On with the cleaning, cleaning and cleaning.

That first day I got the living room and dining room completely cleaned and unpacked. In case you’re wondering what I had to unpack for my living room and dining room: my books and gifts out of the footlockers, my television and DVD player set up, my shoes went into the shoe cabinet in the dining room just around the corner from the front door. I also unpacked my lamps rather than spend my first official evening in my new apartment under the glare of overhead fluorescent lights.

Now, at day’s end, I sit on the world’s ugliest couch and look around. The entertainment center, comprising of two matching bookshelves and one TV stand, gleam in the mellow lamp light. The glass doors cast their opposing furniture’s likeness in muted glow. The floor glistens, reflecting the darker wood of the furniture. Across the room in the dining area, the table, perfectly centered under the overhead light fixture is set to host a meal. The shoe cabinet stands a quiet sentinel to all that would venture in or out of my abode. It too received a thorough cleaning and glows proudly. There is no hope for the world’s ugliest couch.

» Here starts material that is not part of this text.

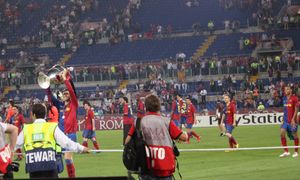 파란색과 빨간색 셔츠를 입은 남자가 머리 위로 큰 은색 트로피를 들고 있고, 다른 파란색과 빨간색 셔츠를 입은 남자들이 배경에서 지켜보고 있다.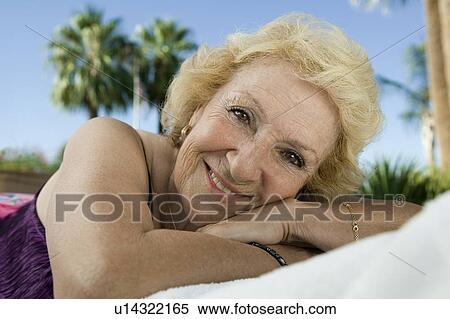 Stock Photography - Senior Woman Lying Down outdoors, close-up portrait.. Fotosearch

So: that was the living room and dining room cleaning, all done up in one day. Now I just have the bathroom, the office, the kitchen and my bedroom to clean and unpack. I should be done in about 3 weeks.

Four Carts, Eight People

The school’s officials are overwhelmingly concerned for my comfort and safety. They always have been… mostly. Sometimes I do get the impression that that is not the case, but in all honesty I realize that Dean Tu has more to worry about than some screeching foreigner, and Sam has such a plateful of things to handle besides my concerns. If issues pertinent to me are not handled promptly I can either feel neglected and uncared for, or I can take the high road and realize that I am not the top priority on the agenda.

Mostly, I take the high road. Sometimes, such as when rodents promenade on my legs while I slumber, I do become a priority to the school. It is a fair balancing act.

You’ll remember from the previous entry that the day after the Great Rat Romance Sam and I visited Dean Tu. While we sat in his office he made a series of phone calls: to the construction site manager, to the lead building foreman, to… who all he needed to make phone calls to in order to figure out which unit would be ready the soonest, so that I could be moved out of the dorm.

Victor was less of a priority because he does not actually live in his apartment. He has accommodations in the city and only stays on campus on the days he has to teach. Besides, Victor does not have a romantic rat crawling up his leg at night.

By the way: someone joked that the rat must have been male because I do have shapely legs. Surely the rat appreciated the climb? I can laugh about that now but it wasn’t funny at 3AM, when the rat was doing its crawling.

OK, enough of the rat.

On to exciting new things, like moving day. When I got the text message from Sam that Moving Day would be early the next morning I could barely contain my joy. I sent him back such an exuberant message he called instead of responding in kind so that he could hear my joy instead of read it on his phone.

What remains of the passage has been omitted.